**** Study material ****

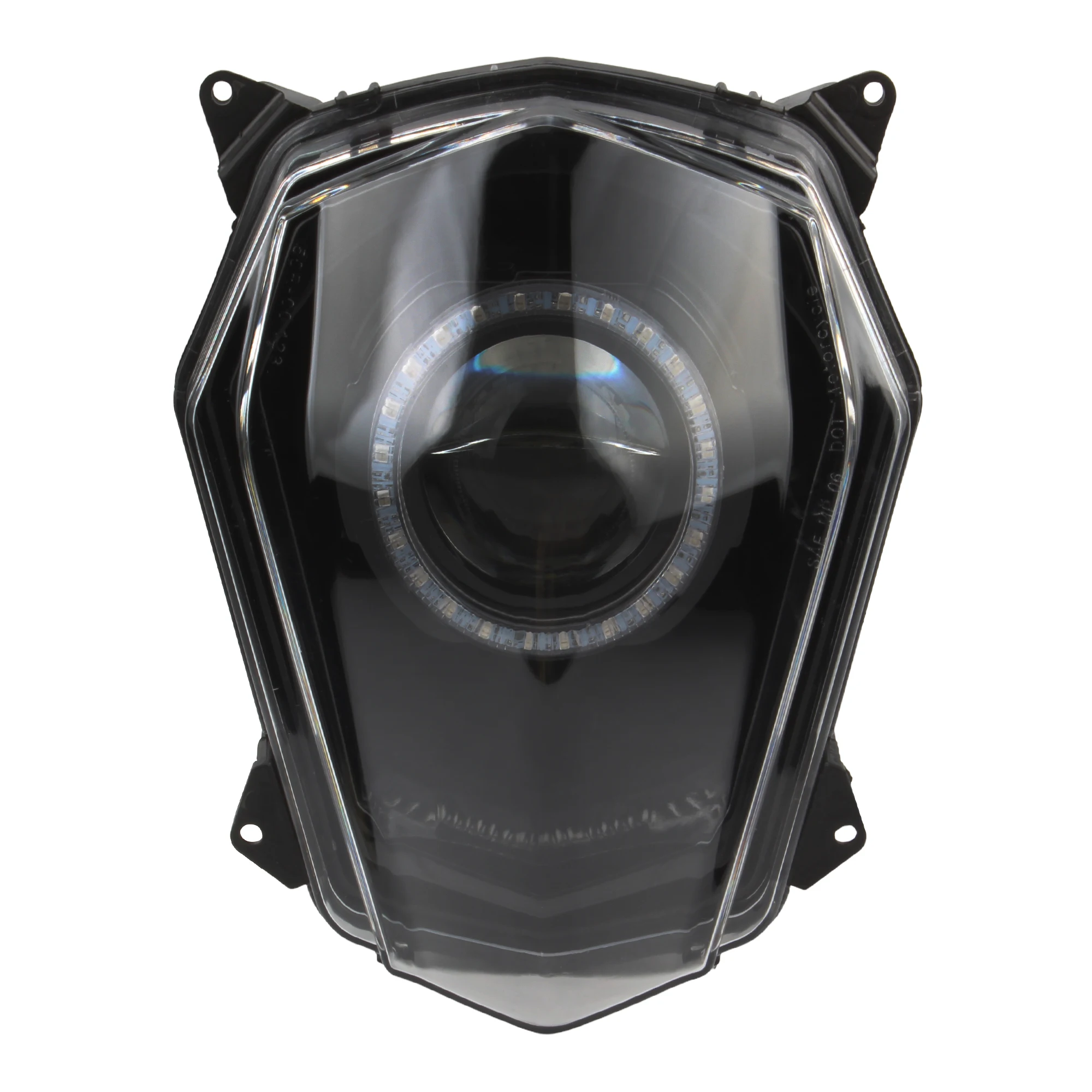 Motorcycle LED Headlight App Bluetooth Control RGB Angel Eyes for KTM 690 SMC SMCR  2008 2017 Dirt Bike Motocross Modified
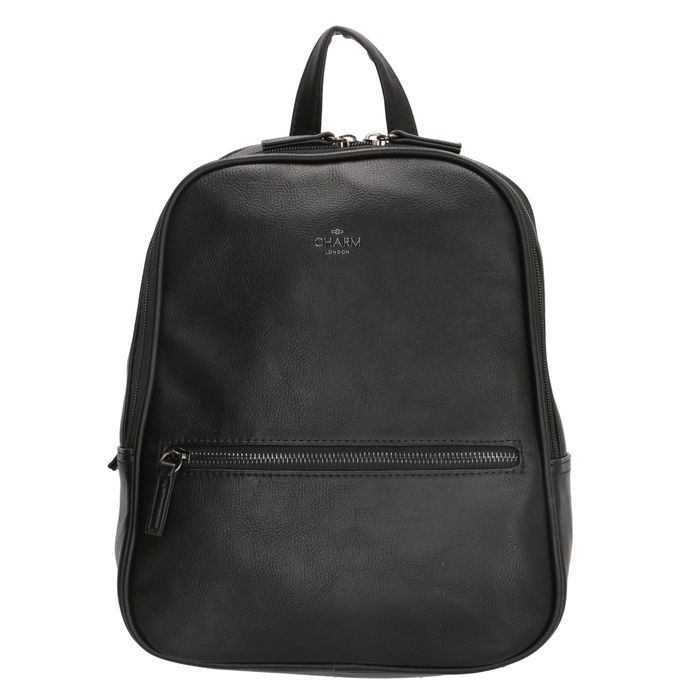 Čierny módny kožený batoh „Locco“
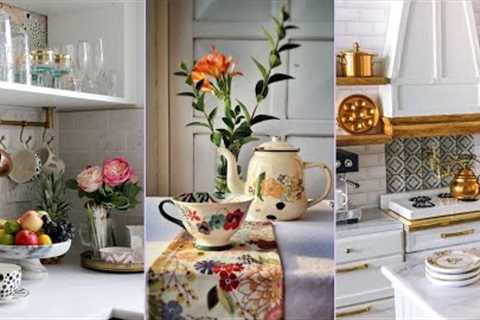 100+Elegant cottage kitchen decoration IdeasVintage Rustic |Cottage kitchen #kitchendesign #kitchen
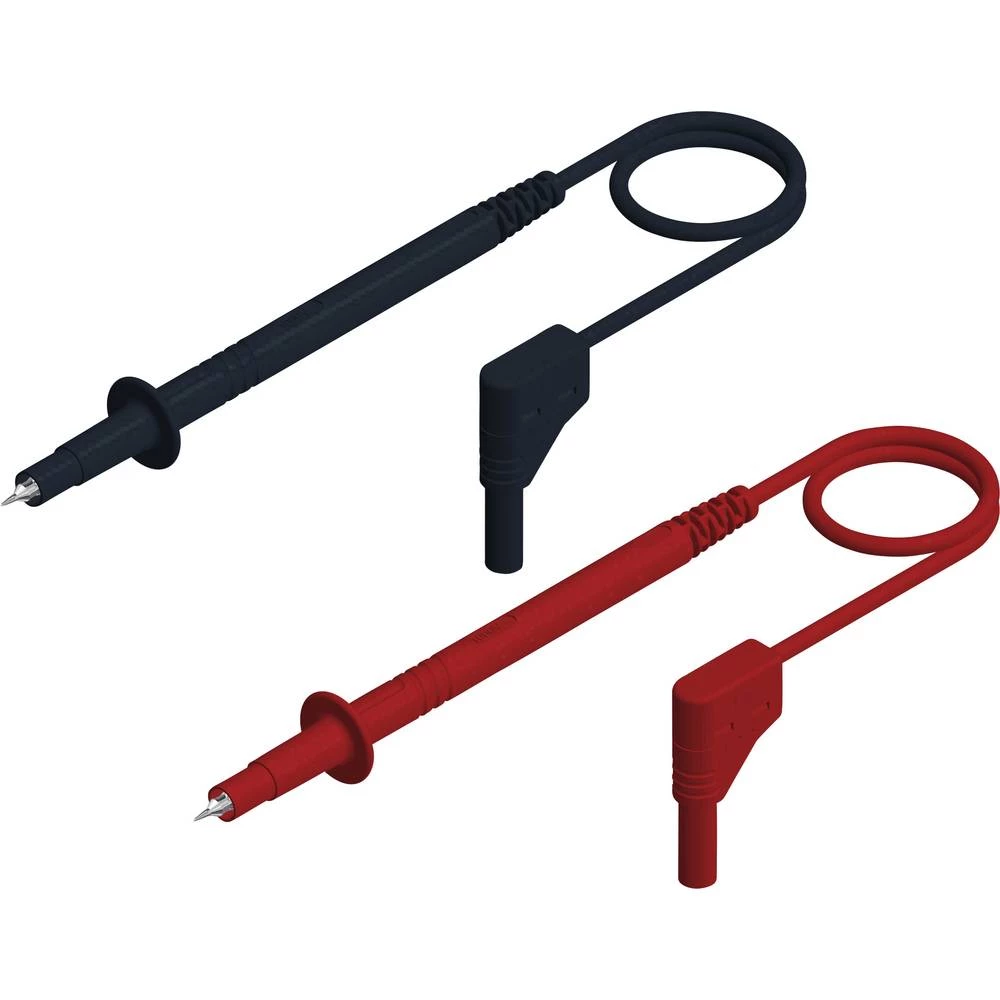 Komplet sigurnosnih mjernih vodova [4 mm utikač - 4 mm utikač] 1 m Crvena, Crna SKS Hirschmann PL 2600 SIL S W SET slika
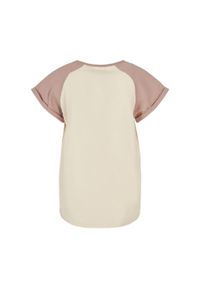Urban Classics - T-shirt Dla Dziewczynki. Kolor: wielokolorowy, różowy, beżowy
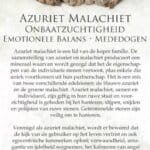 Azuriet malachiet werking - Crystal Cave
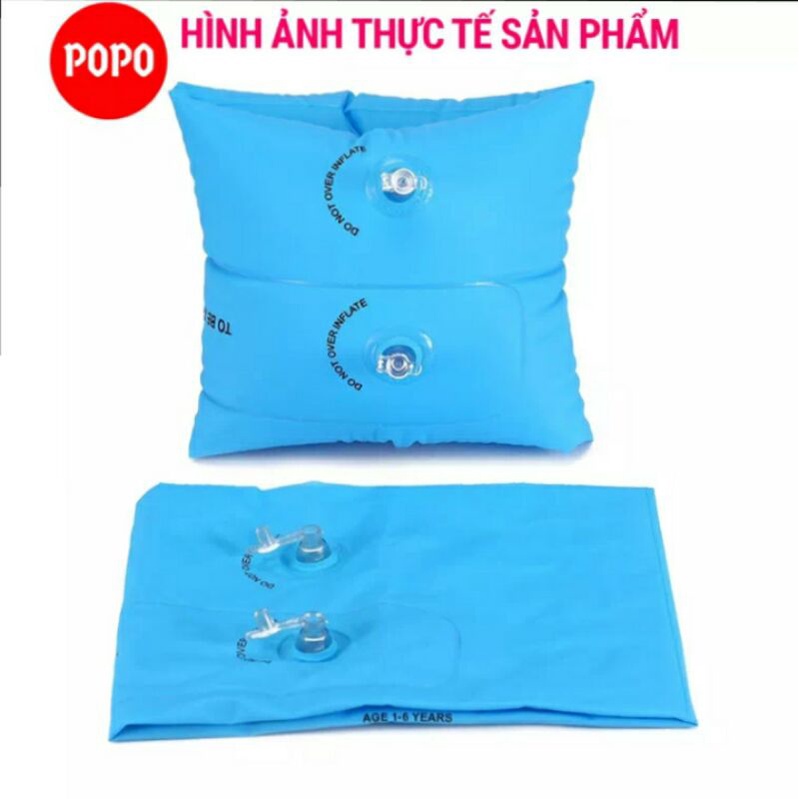 2 PHAO ĐEO TAY TẬP BƠI CHO NGƯỜI LỚN &amp; TRẺ EM POPO LIFE2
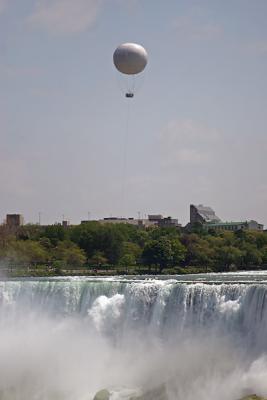 Hot Air Balloon over American Falls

****

Starting at the line that holds "100+Elegant cottage kitchen", reproduce each line through the last one of the listing, and nothing more; the pictures stay out.

 100+Elegant cottage kitchen decoration IdeasVintage Rustic |Cottage kitchen #kitchendesign #kitchen
 Komplet sigurnosnih mjernih vodova [4 mm utikač - 4 mm utikač] 1 m Crvena, Crna SKS Hirschmann PL 2600 SIL S W SET slika
Urban Classics - T-shirt Dla Dziewczynki. Kolor: wielokolorowy, różowy, beżowy
 Azuriet malachiet werking - Crystal Cave
 2 PHAO ĐEO TAY TẬP BƠI CHO NGƯỜI LỚN &amp; TRẺ EM POPO LIFE2
 Hot Air Balloon over American Falls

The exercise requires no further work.